# Wet Light Bulbs :-(



## kaybee (Aug 12, 2005)

I had (2) 11 watt mini compacts over my 10 gal. Yesterday we had a little accident and the light fixture fell in and got wet. I plan on buying a new hood because one of the ballasts isn't working but I was wondering if the bulbs will dry out and come back? One of them has some flicker in it. :evil: 

TIA,
Kay


----------



## TheOldSalt (Jan 28, 2005)

If the lights were on when they got dunked, then the damage may well be permanent. If they were off then you might get lucky and have them work normally again when dried.

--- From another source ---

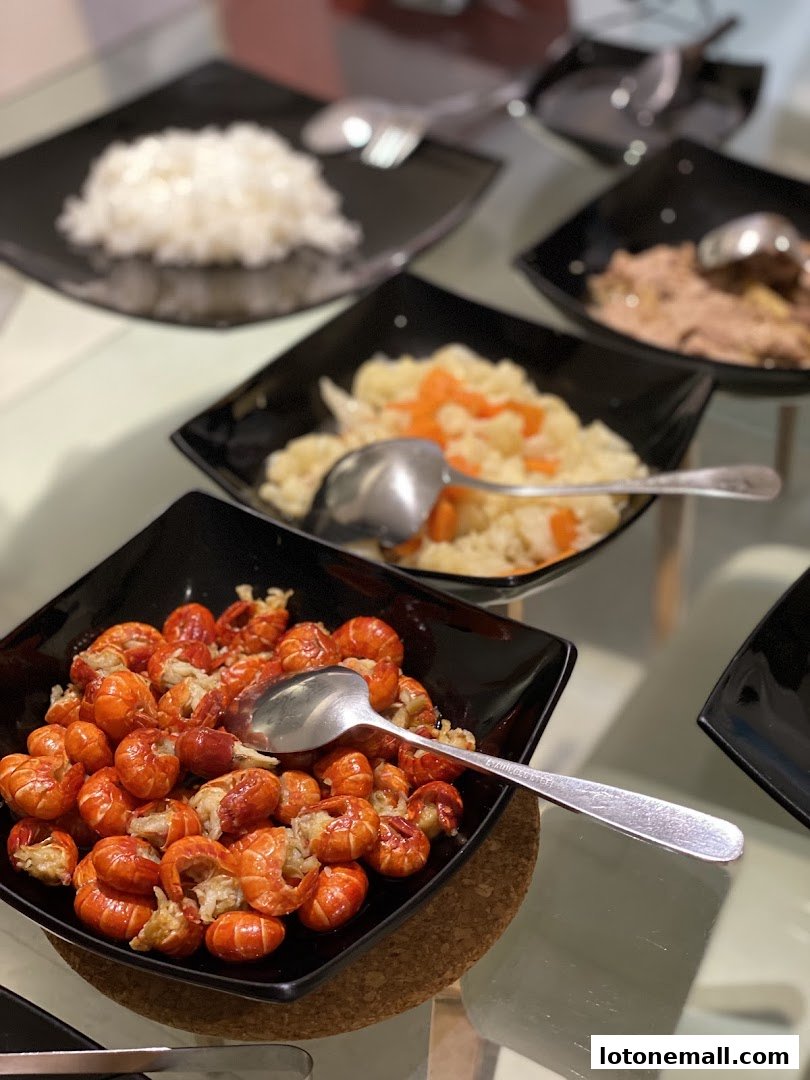 A close-up of several black square bowls filled with various dishes, including crawfish, rice, and other food items.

Trying to run them while wet isn't helping one bit, though.


----------



## kaybee (Aug 12, 2005)

Sigh, yea they were on.  

I replaced them with one of my old stock bulbs that I had saved. I have been just trying them on a lamp so see if they work. I guess I'll be buying new bulbs then.

Thanks Old Salt,
Kay


----------



## Fish Friend (Sep 10, 2005)

I dropped my fish lights starter thing when it was on...i turned it off quick, left it to dry and it still works today..and its like 10 years old :O


----------



## kaybee (Aug 12, 2005)

I think I'm just going to go ahead and buy new bulbs tomorrow to go with the new hood since the tank is in the kitchen/dining room so it will look nice on Thanksgiving. I'll hang on to the wet bulbs for a month or so and try them once more before I toss them out just to be sure.

Thanks for your responses!
Kay


----------